Then I need to do the stuff myself.

Later I need the theoretical explanations.

------
redirectleft
I am the same way, however I would not want it to be otherwise. A "slow
thinker" sounds very negative but in reality there is just more gaps between
thoughts, gaps in which you are true to yourself and this moment.

A new sight or sound arises, and in the first moment of perception, there is a
brief cessation in the habitual stream of thinking. Consciousness is diverted
away from thought because it is required for sense perception. A very unusual
sight or sound may leave you "speechless", even inside, that is to say, bring
about a longer gap.

The frequency and duration of those spaces determine your ability to enjoy
life, to feel an inner connectedness with other human beings as well as
nature.
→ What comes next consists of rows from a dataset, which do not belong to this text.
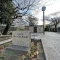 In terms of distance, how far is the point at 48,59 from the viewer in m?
4.46

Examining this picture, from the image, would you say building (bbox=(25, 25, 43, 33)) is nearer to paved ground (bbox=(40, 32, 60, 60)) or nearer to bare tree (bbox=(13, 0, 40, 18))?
bare tree (bbox=(13, 0, 40, 18))

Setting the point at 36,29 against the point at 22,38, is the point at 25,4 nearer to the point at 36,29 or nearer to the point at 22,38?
the point at 22,38

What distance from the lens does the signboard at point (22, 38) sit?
7.47m

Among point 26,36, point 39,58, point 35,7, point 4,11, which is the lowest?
point 39,58

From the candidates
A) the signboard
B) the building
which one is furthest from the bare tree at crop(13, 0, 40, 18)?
the building

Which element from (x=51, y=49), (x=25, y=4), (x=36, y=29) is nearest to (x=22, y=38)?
(x=51, y=49)

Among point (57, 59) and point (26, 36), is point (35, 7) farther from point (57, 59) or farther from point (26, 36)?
point (57, 59)

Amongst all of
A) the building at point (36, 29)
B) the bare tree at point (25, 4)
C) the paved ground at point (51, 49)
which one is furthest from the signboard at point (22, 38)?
the building at point (36, 29)

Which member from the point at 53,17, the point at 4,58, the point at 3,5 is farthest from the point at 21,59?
the point at 53,17

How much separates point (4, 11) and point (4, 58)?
21.2ft

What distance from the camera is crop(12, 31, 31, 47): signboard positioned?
24.5 ft

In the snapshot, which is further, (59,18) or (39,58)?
(59,18)

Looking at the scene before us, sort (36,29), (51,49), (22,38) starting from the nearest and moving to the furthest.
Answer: (51,49) → (22,38) → (36,29)

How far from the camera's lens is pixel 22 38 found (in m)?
7.62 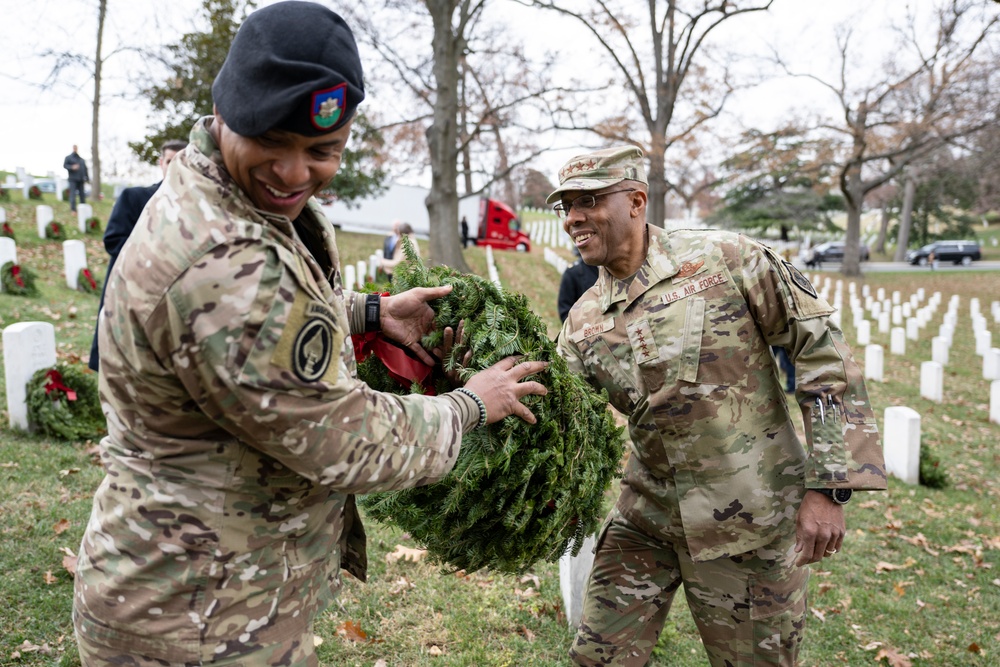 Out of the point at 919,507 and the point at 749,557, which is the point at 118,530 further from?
the point at 919,507

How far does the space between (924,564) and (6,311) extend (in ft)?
36.9

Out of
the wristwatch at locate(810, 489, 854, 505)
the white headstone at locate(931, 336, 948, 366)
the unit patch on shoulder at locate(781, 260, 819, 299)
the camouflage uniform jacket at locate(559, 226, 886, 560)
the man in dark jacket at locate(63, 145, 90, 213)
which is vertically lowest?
the white headstone at locate(931, 336, 948, 366)

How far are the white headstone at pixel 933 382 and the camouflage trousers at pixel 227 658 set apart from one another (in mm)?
13317

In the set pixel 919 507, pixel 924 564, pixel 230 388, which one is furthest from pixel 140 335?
pixel 919 507

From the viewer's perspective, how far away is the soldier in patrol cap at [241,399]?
5.04 ft

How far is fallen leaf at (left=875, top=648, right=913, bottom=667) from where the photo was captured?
14.4ft

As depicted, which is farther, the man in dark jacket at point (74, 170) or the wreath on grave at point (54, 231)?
the man in dark jacket at point (74, 170)

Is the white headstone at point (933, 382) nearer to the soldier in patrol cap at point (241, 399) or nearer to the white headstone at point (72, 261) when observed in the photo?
the soldier in patrol cap at point (241, 399)

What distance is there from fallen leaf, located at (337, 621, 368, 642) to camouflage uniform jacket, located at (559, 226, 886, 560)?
1987 millimetres

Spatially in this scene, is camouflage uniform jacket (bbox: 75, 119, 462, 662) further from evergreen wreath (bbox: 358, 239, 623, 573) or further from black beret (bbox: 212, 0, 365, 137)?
evergreen wreath (bbox: 358, 239, 623, 573)

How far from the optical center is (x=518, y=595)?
4.79m

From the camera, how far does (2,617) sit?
12.6ft

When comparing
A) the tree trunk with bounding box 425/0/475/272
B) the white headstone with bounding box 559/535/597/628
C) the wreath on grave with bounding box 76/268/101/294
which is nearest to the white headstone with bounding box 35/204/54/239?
the wreath on grave with bounding box 76/268/101/294

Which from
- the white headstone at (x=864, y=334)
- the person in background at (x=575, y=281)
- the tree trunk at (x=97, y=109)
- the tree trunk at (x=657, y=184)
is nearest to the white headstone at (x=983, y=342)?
the white headstone at (x=864, y=334) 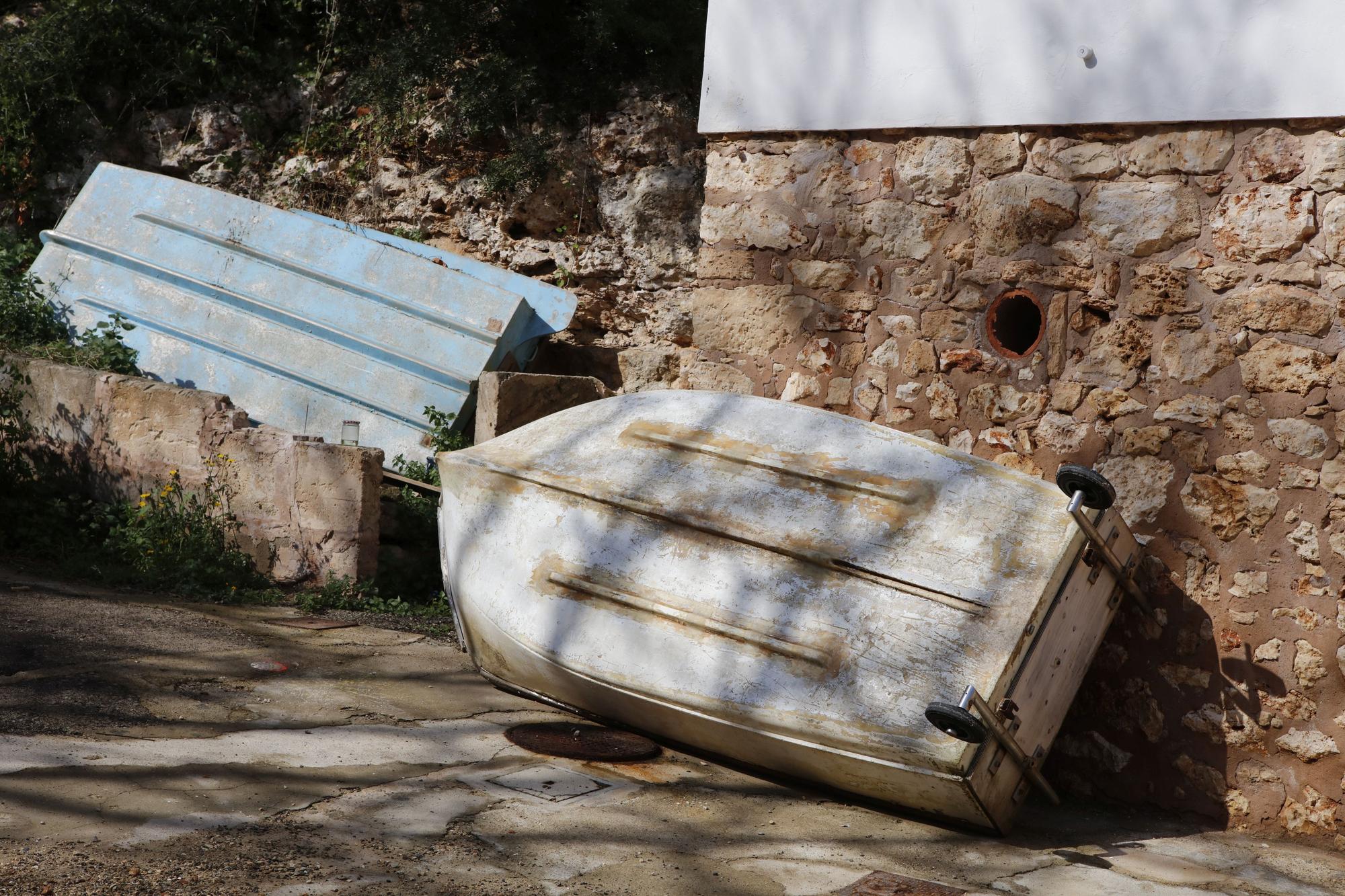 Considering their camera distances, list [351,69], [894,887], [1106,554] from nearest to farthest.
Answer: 1. [894,887]
2. [1106,554]
3. [351,69]

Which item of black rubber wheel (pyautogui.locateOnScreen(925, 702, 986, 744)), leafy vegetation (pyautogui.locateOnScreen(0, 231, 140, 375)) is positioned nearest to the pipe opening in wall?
black rubber wheel (pyautogui.locateOnScreen(925, 702, 986, 744))

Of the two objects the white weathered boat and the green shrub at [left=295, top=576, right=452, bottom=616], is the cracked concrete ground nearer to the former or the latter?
the white weathered boat

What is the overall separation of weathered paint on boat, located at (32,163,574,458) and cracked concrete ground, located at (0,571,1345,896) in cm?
248

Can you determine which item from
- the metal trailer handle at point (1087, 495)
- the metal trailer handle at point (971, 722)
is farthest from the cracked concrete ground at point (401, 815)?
the metal trailer handle at point (1087, 495)

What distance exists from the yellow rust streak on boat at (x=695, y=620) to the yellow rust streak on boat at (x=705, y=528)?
27 centimetres

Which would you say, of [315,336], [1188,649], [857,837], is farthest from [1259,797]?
[315,336]

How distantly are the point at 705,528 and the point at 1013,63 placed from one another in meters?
1.98

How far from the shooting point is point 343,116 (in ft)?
29.3

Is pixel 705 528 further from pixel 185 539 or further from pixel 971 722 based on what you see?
pixel 185 539

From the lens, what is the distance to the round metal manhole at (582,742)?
375cm

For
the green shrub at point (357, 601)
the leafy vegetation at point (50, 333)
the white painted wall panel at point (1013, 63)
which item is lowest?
the green shrub at point (357, 601)

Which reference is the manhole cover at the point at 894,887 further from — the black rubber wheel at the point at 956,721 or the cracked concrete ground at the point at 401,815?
the black rubber wheel at the point at 956,721

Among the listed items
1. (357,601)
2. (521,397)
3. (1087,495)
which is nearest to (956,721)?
(1087,495)

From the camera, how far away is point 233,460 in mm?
5840
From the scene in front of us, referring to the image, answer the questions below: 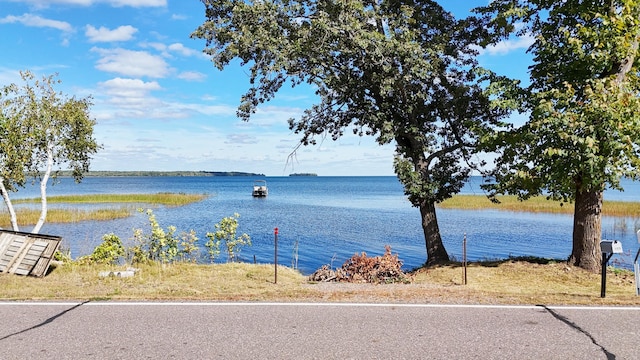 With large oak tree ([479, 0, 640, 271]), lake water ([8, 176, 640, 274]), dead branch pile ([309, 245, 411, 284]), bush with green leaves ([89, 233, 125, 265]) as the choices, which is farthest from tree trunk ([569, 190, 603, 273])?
bush with green leaves ([89, 233, 125, 265])

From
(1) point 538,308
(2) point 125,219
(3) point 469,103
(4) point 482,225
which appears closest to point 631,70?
(3) point 469,103

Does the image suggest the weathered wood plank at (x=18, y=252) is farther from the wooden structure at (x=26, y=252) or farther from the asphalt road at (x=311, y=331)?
the asphalt road at (x=311, y=331)

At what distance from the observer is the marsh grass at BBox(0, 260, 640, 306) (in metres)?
8.77

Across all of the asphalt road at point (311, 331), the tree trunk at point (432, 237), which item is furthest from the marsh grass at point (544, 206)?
the asphalt road at point (311, 331)

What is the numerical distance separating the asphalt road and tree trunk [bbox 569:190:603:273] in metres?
6.02

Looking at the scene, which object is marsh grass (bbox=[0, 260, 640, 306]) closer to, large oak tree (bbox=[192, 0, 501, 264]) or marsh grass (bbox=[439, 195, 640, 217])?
large oak tree (bbox=[192, 0, 501, 264])

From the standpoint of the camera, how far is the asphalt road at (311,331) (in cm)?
591

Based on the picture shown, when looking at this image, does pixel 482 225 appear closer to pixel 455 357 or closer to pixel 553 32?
pixel 553 32

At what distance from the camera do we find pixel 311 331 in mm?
6730

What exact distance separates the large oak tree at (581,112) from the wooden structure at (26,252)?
11.7m

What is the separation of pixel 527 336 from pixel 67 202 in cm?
6304

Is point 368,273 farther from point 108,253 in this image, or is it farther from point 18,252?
point 18,252

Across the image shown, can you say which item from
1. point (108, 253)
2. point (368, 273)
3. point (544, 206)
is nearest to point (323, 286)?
point (368, 273)

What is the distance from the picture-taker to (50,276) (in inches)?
454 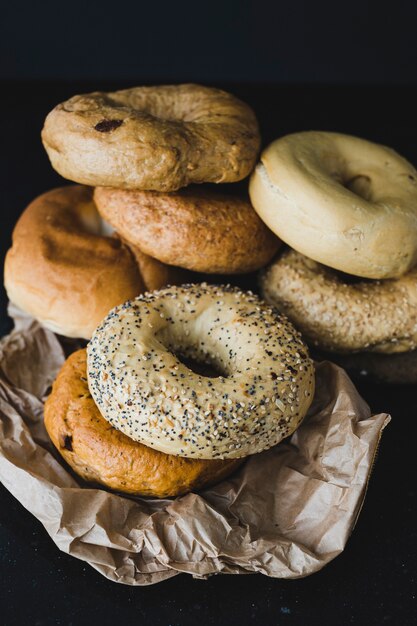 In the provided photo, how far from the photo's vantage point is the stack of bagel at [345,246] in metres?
2.04

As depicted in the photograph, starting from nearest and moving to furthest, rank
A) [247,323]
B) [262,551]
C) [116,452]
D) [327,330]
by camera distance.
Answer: [262,551]
[116,452]
[247,323]
[327,330]

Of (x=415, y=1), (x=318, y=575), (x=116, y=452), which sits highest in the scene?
(x=415, y=1)

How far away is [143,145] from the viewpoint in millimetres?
1957

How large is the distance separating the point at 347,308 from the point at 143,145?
796 mm

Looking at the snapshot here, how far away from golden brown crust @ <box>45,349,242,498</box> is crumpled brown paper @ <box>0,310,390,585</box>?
0.13ft

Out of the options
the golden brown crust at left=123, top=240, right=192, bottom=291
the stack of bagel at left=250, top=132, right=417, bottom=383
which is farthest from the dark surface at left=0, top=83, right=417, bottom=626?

It also determines the degree to which you are free of ego because ego
implies complete unawareness of the dimension of space.

When you become conscious of these brief spaces as they happen naturally, they
will lengthen, and as they do, you will experience with increasing frequency
the joy of perceiving with little or no interference of thinking.

Inner space also arises whenever you let go of the need to emphasize your
form-identity. That need is of the ego. It is not a true need.

I would very much recommend Eckhart Tolle's "A New Earth" if you want to read
more and achieve freedom.

------
cup
>(Can you imagine how the world would work if this was the norm?)

Probably fine as long as there are no emergencies.

------
cJ0th
Slow thinking is a luxury you mostly can't really afford if you find yourself
working in a hierarchy.